A liberdade de consciência que ao longo dos séculos foi se construindo no ocidente é algo admirável e deve ser preservada de qualquer tipo de imposição autoritária, seja ela ideológica, seja ela religiosa. Em um ambiente saudável, onde circulam as boas ideias, divergentes, e que fomentam um debate intelectual maduro, chega-se a soluções moderadas e com um maior grau de razoabilidade do que em ambientes sociais onde há cerceamento e coação intelectual. Muitas vezes encontramos esses ambientes obscuros nas escolas, faculdades e até mesmo nos espaços dedicados aos estudos religiosos. Tudo isso deriva da não aceitação do outro, de sua livre consciência e de sua capacidade cognoscitiva própria que, de maneira igualmente singular, faculta diversos entendimentos sobre a realidade. Talvez a pretensão de esgotar a realidade a partir de uma ou duas visões correntes, os interesses políticos e os interesses pela manutenção de hierarquias de poder podem contribuir para que essa atitude de não reconhecimento da autonomia do outro- e aqui estou me referindo a autonomia intelectual que é, de todas as possíveis, a mais profunda, pois tem a capacidade de revelar o Ser- seja levada a termo com frequência.
O ser tolerante não é um falar sobre tolerância. Em um nível puramente mental qualquer um de nós é capaz de fornecer um entendimento razoável sobre a tolerância enquanto conceito; contudo, vivê-la de uma maneira profunda implica um grande desafio, que no fim das contas, consiste em respeitar a consciência do próximo, um dos princípios basilares do Evangelho de Jesus.
Jesus exemplificou a tolerância em seu tempo andando com pessoas das mais diversas: desde as que eram consideradas de má vida, até aquelas outras que desfrutavam do respeito de seus pares, geralmente por estarem bem posicionadas na hierarquia social.

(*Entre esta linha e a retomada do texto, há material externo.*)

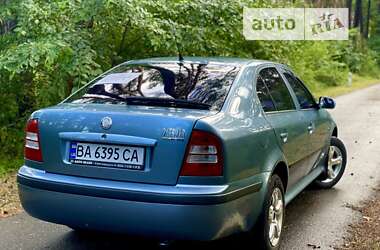 Лифтбек Skoda Octavia 2008 в 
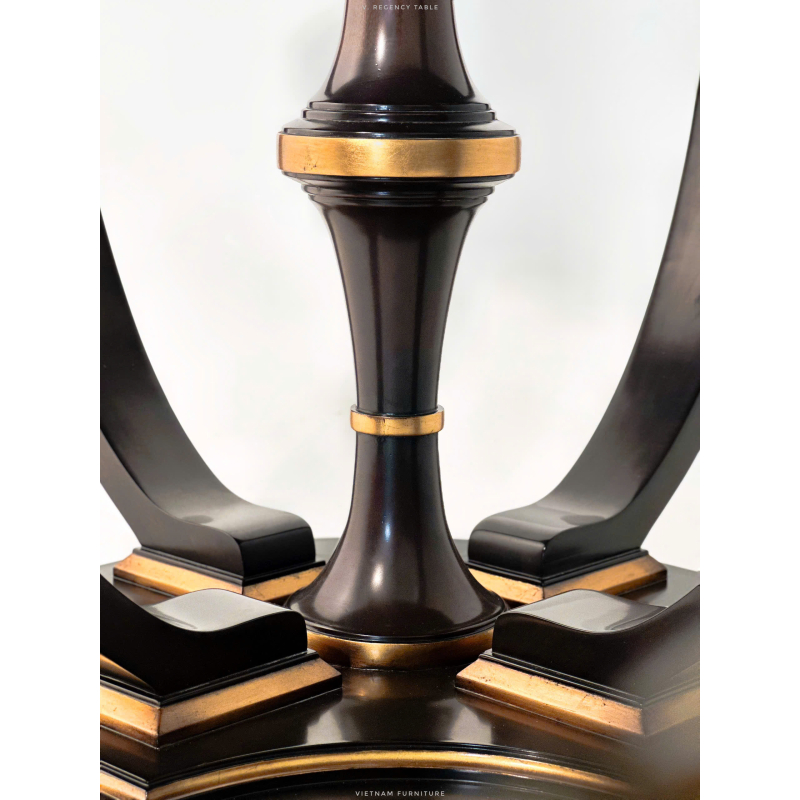 Bàn tiền sảnh Thessaloniki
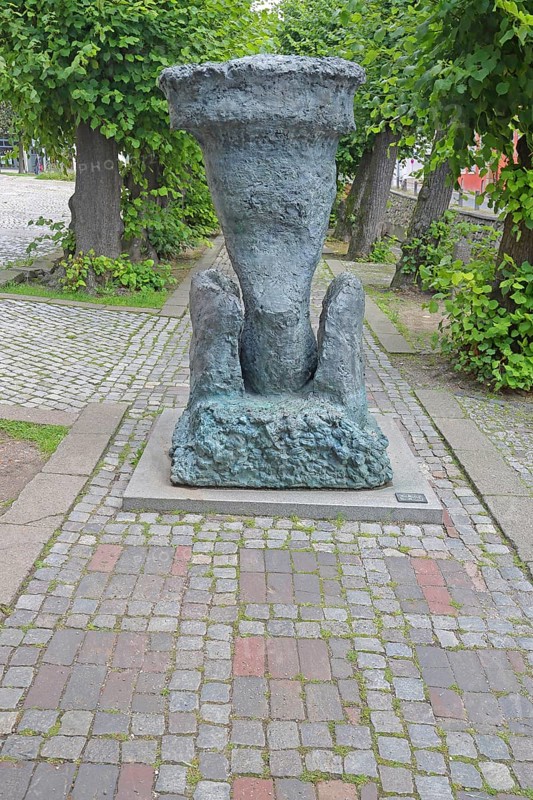 Life-size II by Heinz Breloh, bronze sculpture, Modern Art, Abstract Art, St. Nikolai Church, Wismar, Mecklenburg-Western Pomerania, Germany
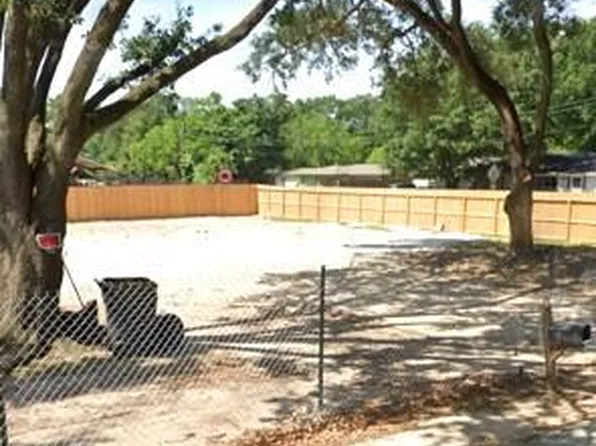 43 N Wickerwood St, Houston, TX 77080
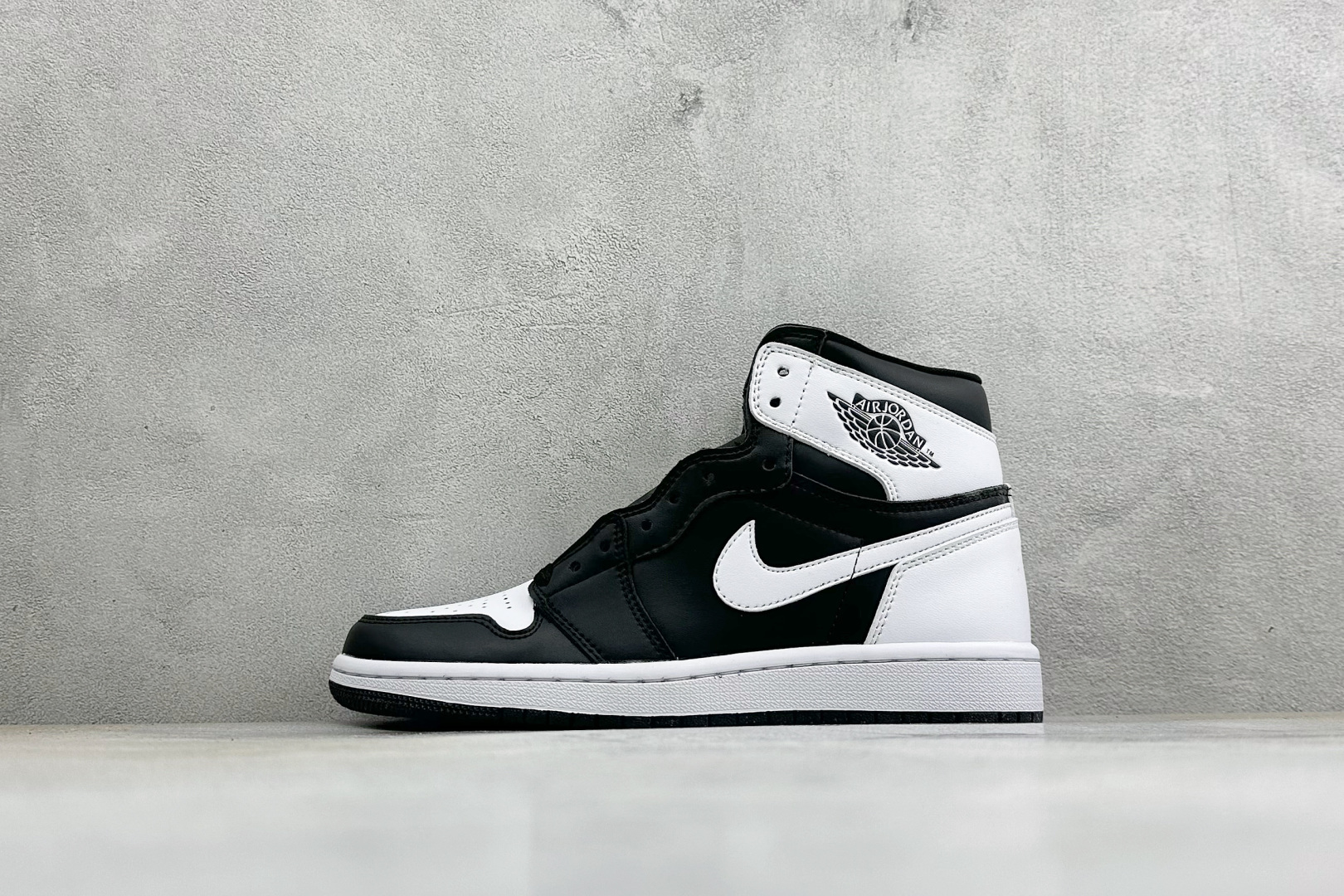 KZ纯原福利 Air Jordan 1 Mid AJ1 高帮篮球鞋 用料扎实 精雕细琢，鞋型极致， 细节如图，飞翼3D打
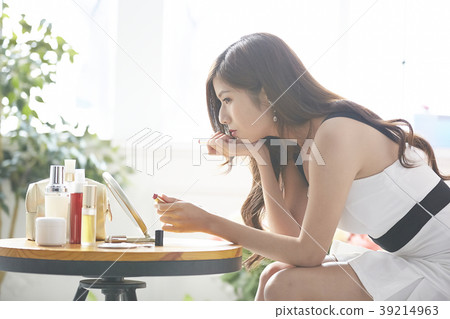 Female makeup beauty 39214963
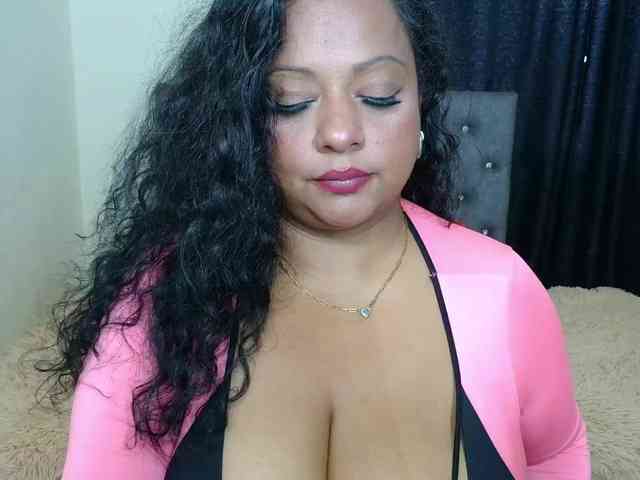 JoanaQueens webcam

Em íntima ligação com Deus e, portanto, conhecedor de toda a verdade, não julgou a quem quer que fosse, apenas acolheu integralmente a todos. Não consentindo com os erros, mas permanecendo compreensivo diante das fraquezas humanas, deixou à posteridade um legado de respeito pela dignidade humana e de encorajamento para o enfrentamento dos árduos trabalhos espirituais futuros. O exemplo de Jesus revela uma maneira (que é o nosso fim) de enxergar a realidade: reconhecer  o direito do outro de ter as suas próprias experiências, e de formar, deste modo, sua própria consciência. Disso não se segue que um cristão tenha necessariamente que adotar uma atitude relativista, ou que tenha que viver o mundo com valores estranhos aos seus, mas que tenha uma postura fundamentada no respeito à dignidade, conforme referiu-se, e no livre arbítrio, que é um dos valores fundantes da nossa civilização. Claro, quando a nossa pretensa "liberdade" não desrespeite a liberdade dos outros e mesmo a dignidade e sacralidade da vida humana, que vem sendo bastante atacada nos dias de hoje por ideologias que carregam um materialismo destrutivo.
Por fim, talvez a profunda amorosidade de Jesus, com as pessoas que lhe vinham de todas as partes, se devesse pela maneira como  enxergava as pessoas para além da forma com que se apresentavam a ele. O véu da nossa precária condição atual esconde a nossa sacralidade intrínseca, o nosso pertencimento a uma ordem transcendental, a uma irmandade que foi planejada por Deus desde a criação, e que Jesus tinha acesso devido a sua alta condição espiritual. A palavra tolerância vem sendo ventilada nos dias atuais por indivíduos notadamente intolerantes. A tolerância não é um arrazoado bonito que esteja disposto em páginas livrescas, mas é uma atitude existencial que tem o dom de acalmar e iluminar os ambientes onde os valores são enunciados mas não são vividos, e que são facilmente percebidos pelas pessoas que estejam dispostas a vivê-los. Ver o outro em sua realidade profunda, como Jesus enxergava, é a única maneira de vivermos em um mundo tão pluralista sob todos os aspectos, dando aos outros o direito de ser como lhes apraz e a nós buscando ser como devemos, cada vez mais cristãos, conforme enunciou certa vez Chico Xavier.